Em que difere o livro de memórias políticas de Cavaco Silva do de Jorge Sampaio? Penso que o juízo de valores de alguns dos personagens retratados por Cavaco, em contraponto às observações factuais (ou não, de acordo com os visados) de Sampaio. Senão vejamos: Cavaco diz que António José Seguro “é inseguro, medroso e sem capacidade de liderança” e Sampaio alertava Santana Lopes para não convidar Fernando Negrão para ministro da Justiça: “Veja lá, é capaz de dar má visibilidade ao governo ter como ministro da Justiça uma pessoa que confessadamente violou o segredo de justiça”.
Cavaco diz que que Costa “é um artista de arte de nunca dizer não” e Sampaio revelou: “Fartei-me do Santana como primeiro-ministro, estava a deixar o país à deriva”.
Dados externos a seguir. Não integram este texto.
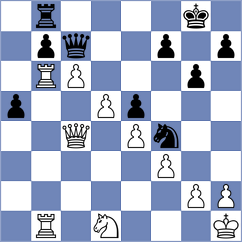 Tharushi - Shabanaj (chess.com INT, 2021)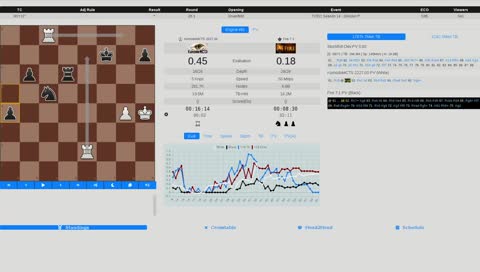 Chess TCEC Season 14 - Premier Division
Digamos que um faz observações pessoais e outro limita-se a relatar factos. Mas a grande questão é que Portugal não está habituado a ver biografias de políticos ou livros de memórias em que pessoas próximas desse mundo escrevem sobre os atores que ainda estão em atividade. Cavaco, convenhamos, demonstra falta de sentido de Estado, algo que lhe é tão caro, já que várias vezes acusou outras personagens, com Marcelo à cabeça, de não o terem. Se continuarmos nesta onda de confidências presidenciais, calculo que os primeiros-ministros e outros governantes ou políticos tenham bastante receio de falar à vontade nessas reuniões de Estado. Isso, parece-me óbvio.
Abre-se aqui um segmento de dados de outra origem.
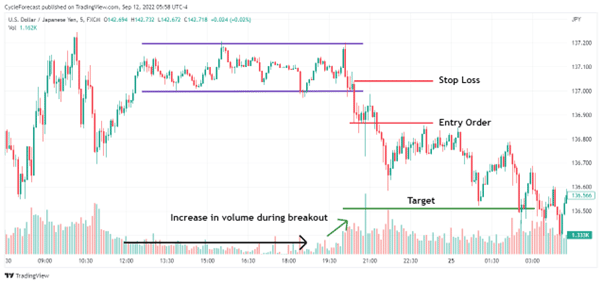 breakout to the downside pattern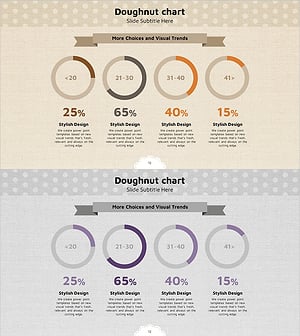 연령별 시장 점유율 분석을 위한 파이형 원 그래프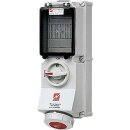 Mennekes Wanddose DUO HW/VN 32A 4p 3h 400-440V 5946A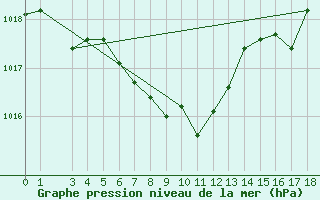 Courbe de la pression atmosphrique pour Weitensfeld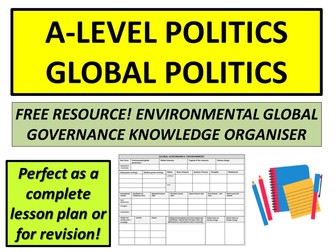Environmental Global Governance - Blank Knowledge Organiser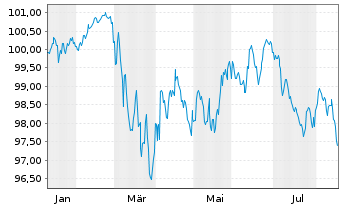 Chart UBS Group AG EO-FLR Med.-T. Nts 2026(36/37) - 1 Year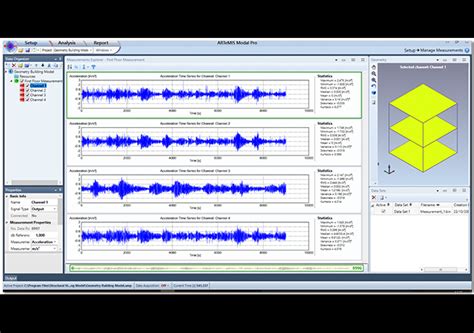 Rf analysis software.  Artemis is a software designed to assist radio frequency (R...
Já como leitor, confesso que acho bastante divertido saber o que pensa uma personagem sorumbática como Cavaco Silva dos seus adversários ou colegas de partido. Se é verdade que Cavaco atacou muito o PS, também não poupou personagens como Paulo Portas ou Miguel Relvas. O homem que mais tempo esteve à frente dos destinos do país, e aquele que mais pancada levou da oposição, teve a sua pequena vingança. Imagino como serão as próximas reuniões de Conselho de Estado, onde terá de enfrentar António Costa ou Carlos César, por exemplo. Deve ser um ambiente de cortar à faca.